▸ **Exercise instructions**: Through to the final line, write out the records below exactly, omitting any images they contain.

(Captioned web image data)
....................

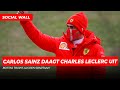 Carlos Sainz daagt Charles Leclerc uit, Valtteri Bottas traint als een Spartaan | Social Wall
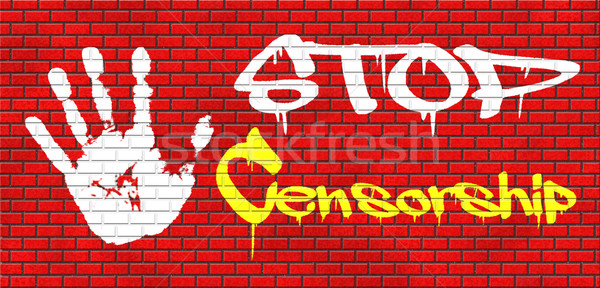 stop censorship free press Stock photo © kikkerdirk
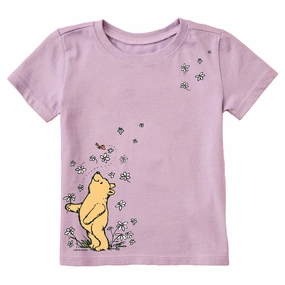LightweightBlend Printed uniqueness Toddler Winnie Flowers Short Sleeve Crusher Tee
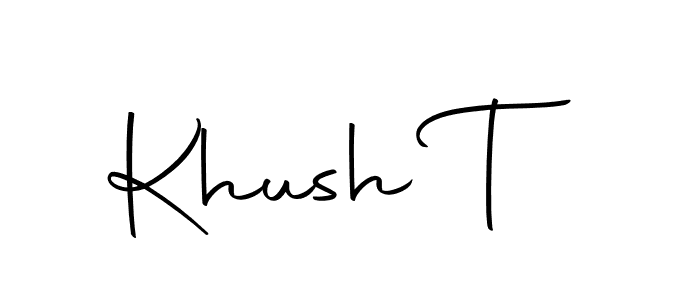 Autography-DOLnW is a professional signature style that is perfect for those who want to add a touch of class to their signature. It is also a great choice for those who want to make their signature more unique. Get Khush T name to fancy signature for free. Khush T signature style 10 images and pictures png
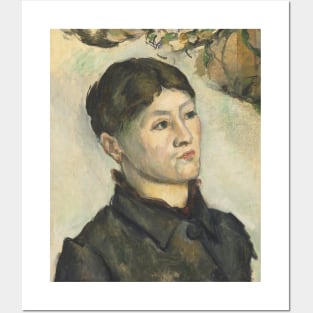 Portrait of Madame Cezanne by Paul Cezanne Posters and Art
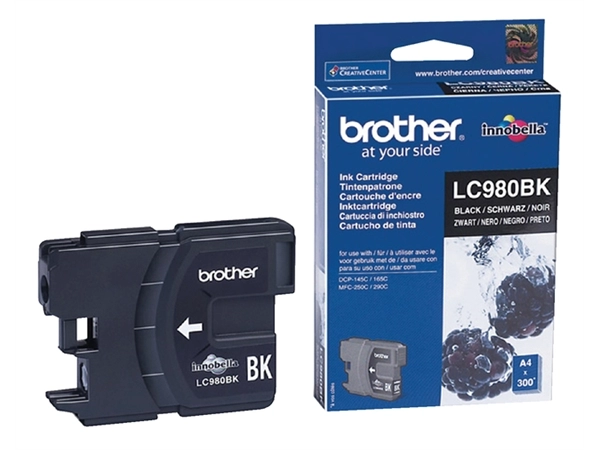 Een Inktcartridge Brother LC-980BK zwart koop je bij VHK Kantoorartikelen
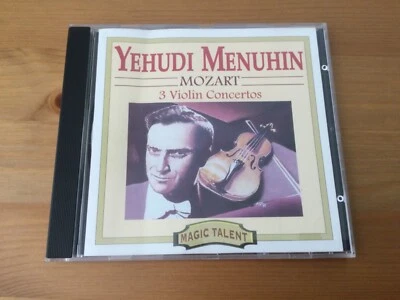 YEHUDI MENUHIN "Mozart: 3 Violin Concertos " rec. 1932-1943, Paris, Liverpool - Bild 1 von 4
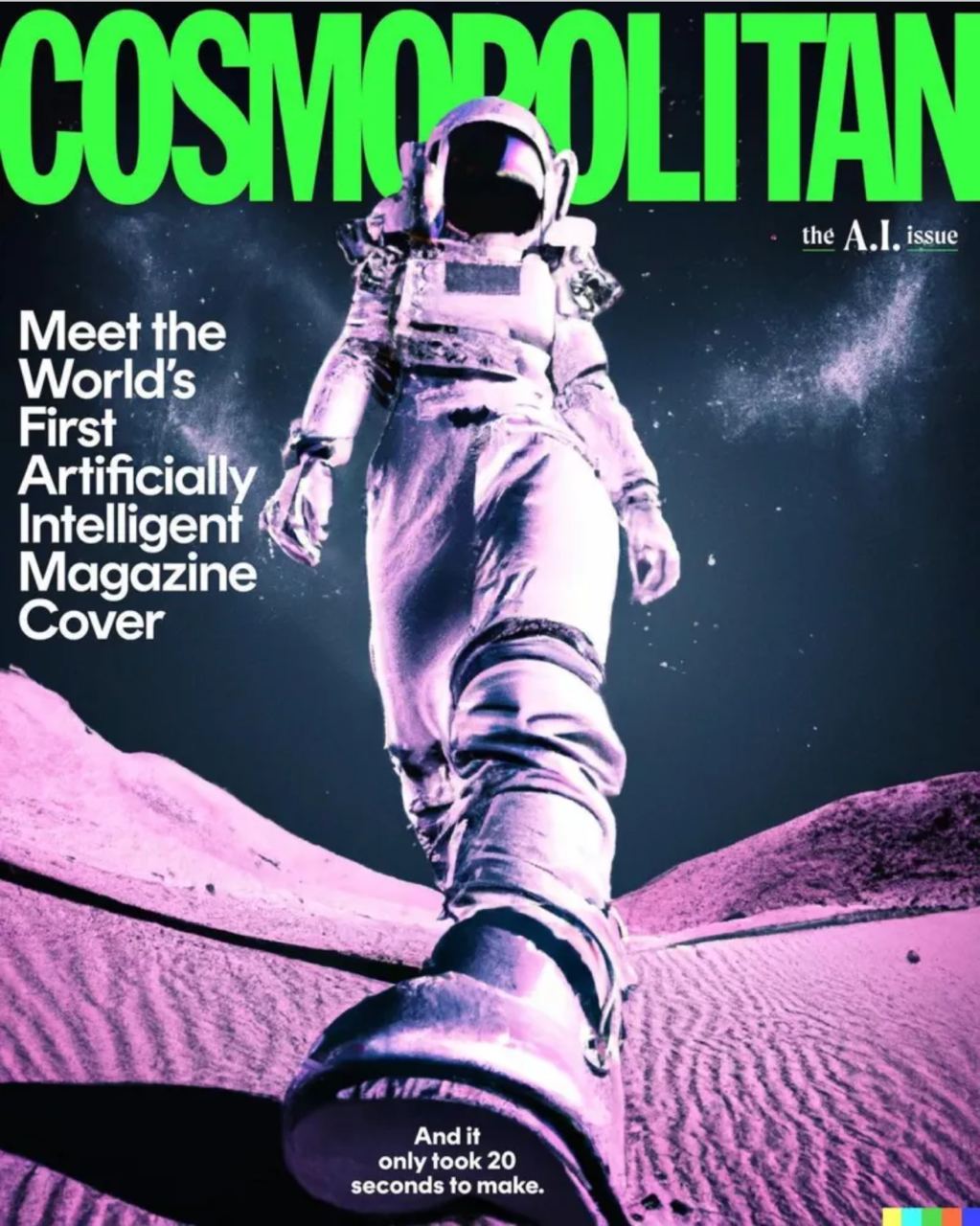 Первая обложка Cosmopolitan, созданная нейросетью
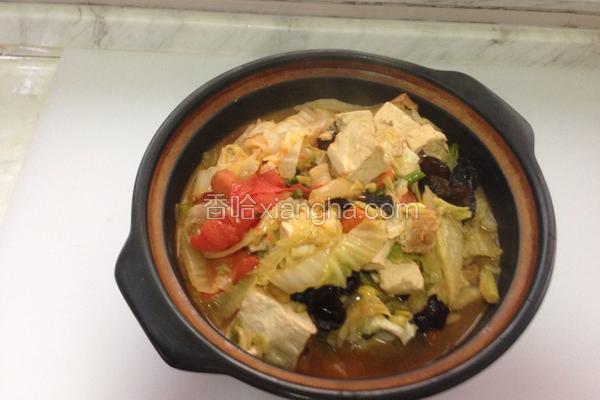 砂锅白菜豆腐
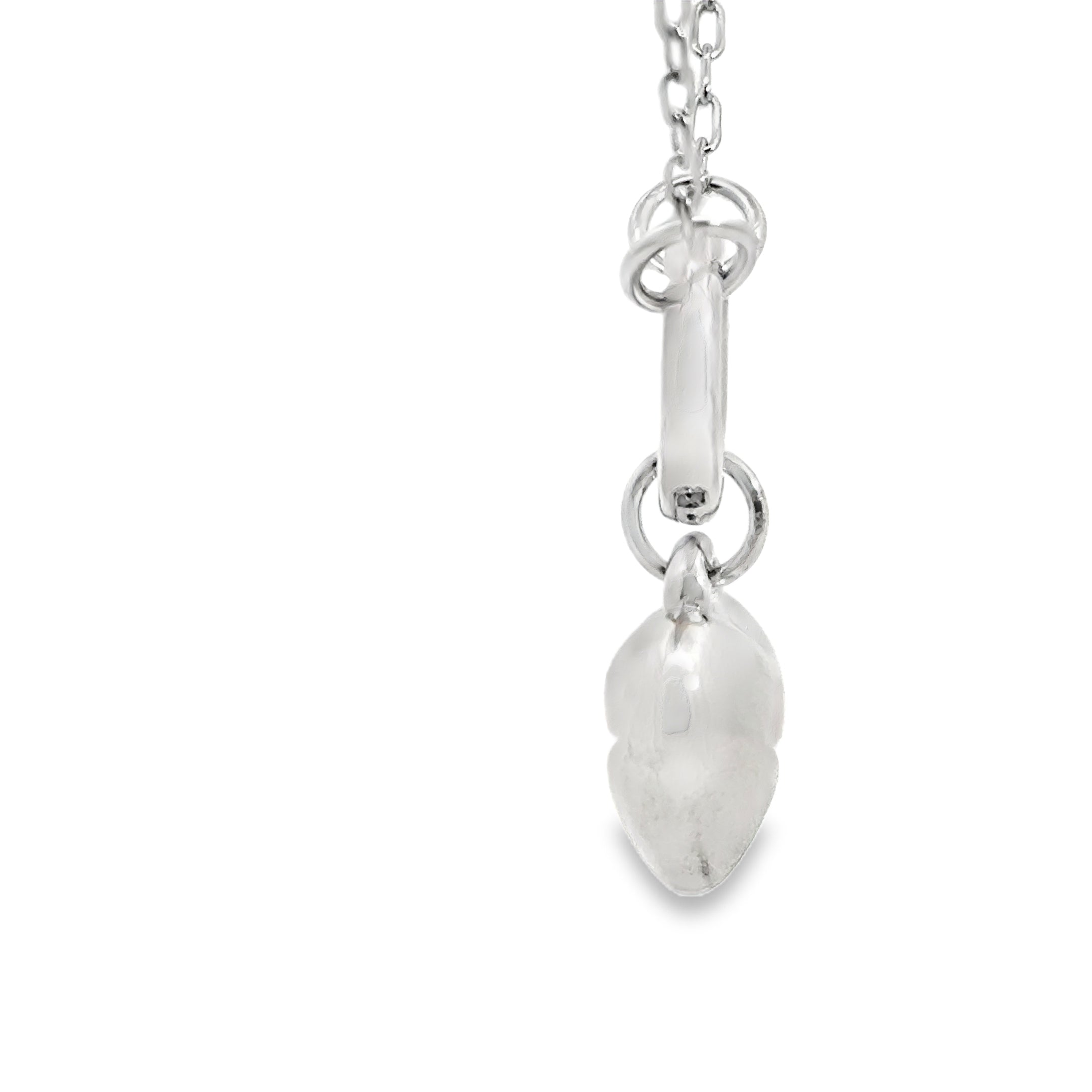 Silver Heart Charm Pendant Necklace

....................

▸ **Task answer**:
 Carlos Sainz daagt Charles Leclerc uit, Valtteri Bottas traint als een Spartaan | Social Wall
 stop censorship free press Stock photo © kikkerdirk
LightweightBlend Printed uniqueness Toddler Winnie Flowers Short Sleeve Crusher Tee
 Autography-DOLnW is a professional signature style that is perfect for those who want to add a touch of class to their signature. It is also a great choice for those who want to make their signature more unique. Get Khush T name to fancy signature for free. Khush T signature style 10 images and pictures png
 Portrait of Madame Cezanne by Paul Cezanne Posters and Art
 Een Inktcartridge Brother LC-980BK zwart koop je bij VHK Kantoorartikelen
 YEHUDI MENUHIN "Mozart: 3 Violin Concertos " rec. 1932-1943, Paris, Liverpool - Bild 1 von 4
 Первая обложка Cosmopolitan, созданная нейросетью
 砂锅白菜豆腐
 Silver Heart Charm Pendant Necklace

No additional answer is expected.